(Extracted records)
----
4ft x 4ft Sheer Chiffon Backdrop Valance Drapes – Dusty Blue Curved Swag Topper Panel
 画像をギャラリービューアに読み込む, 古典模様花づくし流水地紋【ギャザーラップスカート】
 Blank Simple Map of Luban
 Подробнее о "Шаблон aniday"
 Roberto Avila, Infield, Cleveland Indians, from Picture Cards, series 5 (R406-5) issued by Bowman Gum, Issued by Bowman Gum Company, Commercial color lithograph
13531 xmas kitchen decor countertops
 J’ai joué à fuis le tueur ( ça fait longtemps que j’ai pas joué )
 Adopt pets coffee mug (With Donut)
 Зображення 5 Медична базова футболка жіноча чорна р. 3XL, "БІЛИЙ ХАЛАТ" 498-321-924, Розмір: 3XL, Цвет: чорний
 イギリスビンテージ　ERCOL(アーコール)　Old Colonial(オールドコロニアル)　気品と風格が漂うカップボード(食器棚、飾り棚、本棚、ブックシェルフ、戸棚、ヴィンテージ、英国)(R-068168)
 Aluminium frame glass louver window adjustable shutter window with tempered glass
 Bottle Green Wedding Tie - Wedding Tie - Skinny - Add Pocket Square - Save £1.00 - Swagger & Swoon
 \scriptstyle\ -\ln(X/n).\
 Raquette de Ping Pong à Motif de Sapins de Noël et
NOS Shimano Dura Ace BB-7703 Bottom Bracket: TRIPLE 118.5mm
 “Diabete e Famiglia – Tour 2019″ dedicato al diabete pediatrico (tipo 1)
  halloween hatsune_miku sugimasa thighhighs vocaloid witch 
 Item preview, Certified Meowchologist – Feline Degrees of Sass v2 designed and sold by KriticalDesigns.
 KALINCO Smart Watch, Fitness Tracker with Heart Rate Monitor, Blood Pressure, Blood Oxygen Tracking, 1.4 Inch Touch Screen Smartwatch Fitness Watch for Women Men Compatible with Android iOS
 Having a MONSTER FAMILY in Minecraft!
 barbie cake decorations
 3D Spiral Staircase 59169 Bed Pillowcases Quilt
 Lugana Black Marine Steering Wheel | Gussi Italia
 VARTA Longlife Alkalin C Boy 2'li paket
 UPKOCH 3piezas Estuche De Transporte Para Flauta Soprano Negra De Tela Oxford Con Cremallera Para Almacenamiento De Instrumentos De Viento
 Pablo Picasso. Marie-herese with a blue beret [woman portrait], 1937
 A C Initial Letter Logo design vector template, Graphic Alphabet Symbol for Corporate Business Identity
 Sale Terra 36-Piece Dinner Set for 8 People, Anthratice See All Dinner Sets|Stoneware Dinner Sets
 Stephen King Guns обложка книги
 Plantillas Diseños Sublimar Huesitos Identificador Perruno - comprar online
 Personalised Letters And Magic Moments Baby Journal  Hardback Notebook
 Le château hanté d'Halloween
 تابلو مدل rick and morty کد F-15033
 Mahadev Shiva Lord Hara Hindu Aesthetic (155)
----
**What you have to do**
Please output only the lines from the first line of the entries through the line with "J’ai joué à", both included, exactly as written.

**Written answer**
4ft x 4ft Sheer Chiffon Backdrop Valance Drapes – Dusty Blue Curved Swag Topper Panel
 画像をギャラリービューアに読み込む, 古典模様花づくし流水地紋【ギャザーラップスカート】
 Blank Simple Map of Luban
 Подробнее о "Шаблон aniday"
 Roberto Avila, Infield, Cleveland Indians, from Picture Cards, series 5 (R406-5) issued by Bowman Gum, Issued by Bowman Gum Company, Commercial color lithograph
13531 xmas kitchen decor countertops
 J’ai joué à fuis le tueur ( ça fait longtemps que j’ai pas joué )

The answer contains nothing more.